Her eyes fix on the floor, on the intricate pattern of the rug that she probably knows by heart, every swirl and knot memorized during years of sitting in silence while Enzo conducted the business of ruining lives.
She looks smaller than I remember. Diminished in a way that goes beyond posture, as if the effort of making that phone call spent the last reserves of whatever kept her upright.
Enzo settles behind his desk with the unhurried grace of a man who has been waiting for this moment and intends to savor every second of it.
He removes his jacket and drapes it across the back of his chair, then rolls his cuffs with deliberate precision, each fold revealing more of the gold watch that catches the firelight. His hands are manicured and smooth, the hands of a man who has never done his own violence, and the signet ring on his right hand gleams with the polished confidence of inherited power.
The performance is intentional, a reminder that he has time and patience and power, and I have none of those things.
The mask is off. The handwritten letters, the concerned grandfather at the gala, the soft voice asking to be part of his grandchild's life, all of it stripped away to reveal the cold architecture beneath. The man sitting behind that desk is the one I've always known, the one who hid behind warmth the way Luca hid behind a borrowed name.

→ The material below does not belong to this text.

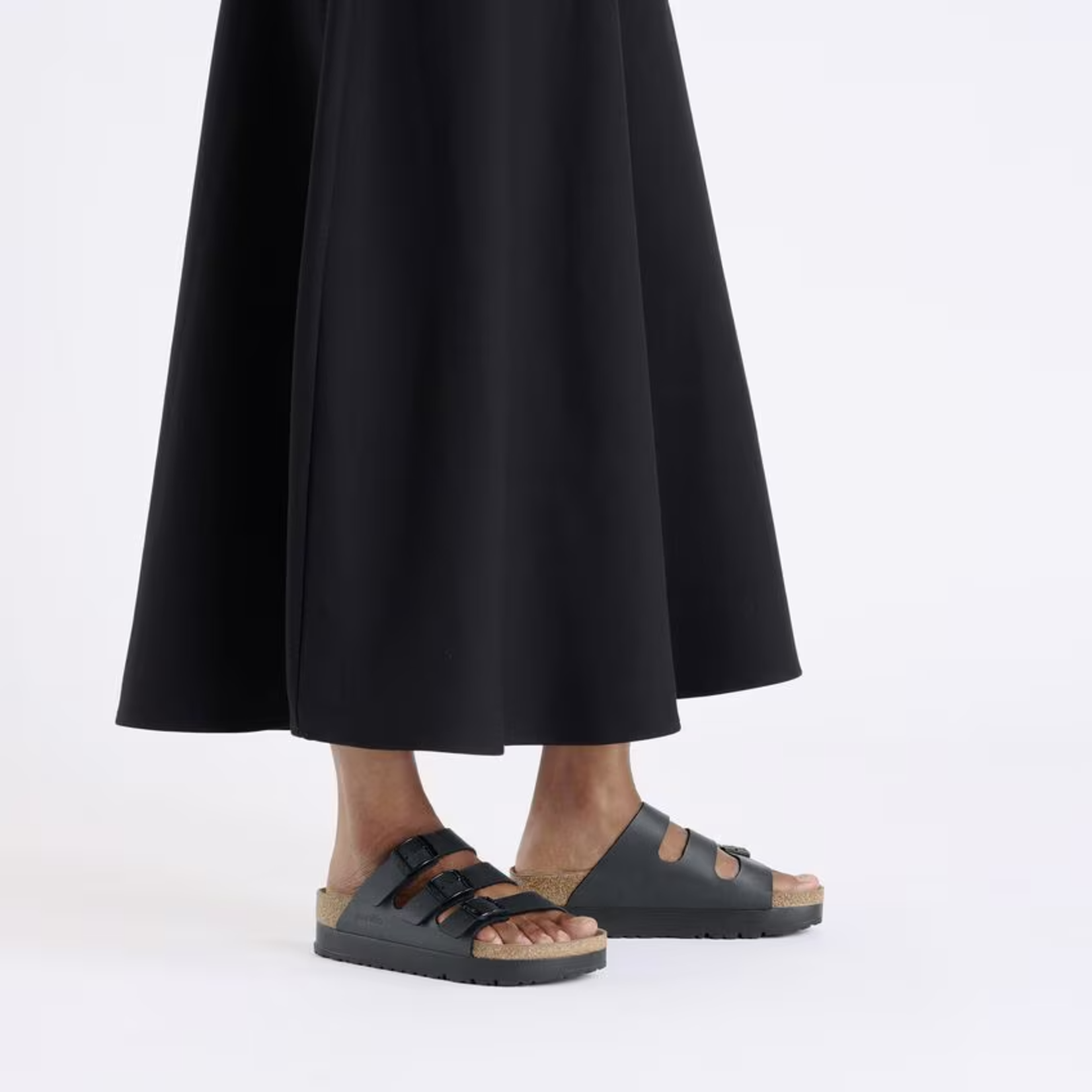 Birkenstock BIRKENSTOCK 1029737 Florida Platform Narrow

"You humiliated me." His voice carries the measured calm of a man discussing quarterly earnings rather than family betrayal. "Married my enemy. Got pregnant with his bastard child. Did you think I would simply accept that?"
My legs tremble beneath me but I lock my knees and keep my spine straight, my hand pressing against the curve of my belly where our daughter grows in the only safe place left in this room. "You fathered me, but that doesn’t mean you own me, my actions, or my body."
His laugh is soft, almost fond, the kind of sound a man makes when a child says something naive and endearing. "Own you?" The amusement drains from his face, replaced by a contempt so pure it feels like acid against my skin. "I never wanted you."
The words land like a fist to my chest, stealing the air from my lungs. I search his face for the lie, for the manipulation, for the angle he's always working. But his pale eyes hold nothing but a truth he's been swallowing for twenty-two years, and the taste of it has turned him rancid.
"You're not even mine."
The fire crackles in the hearth. The clock on the mantle ticks. The world continues turning while mine stops.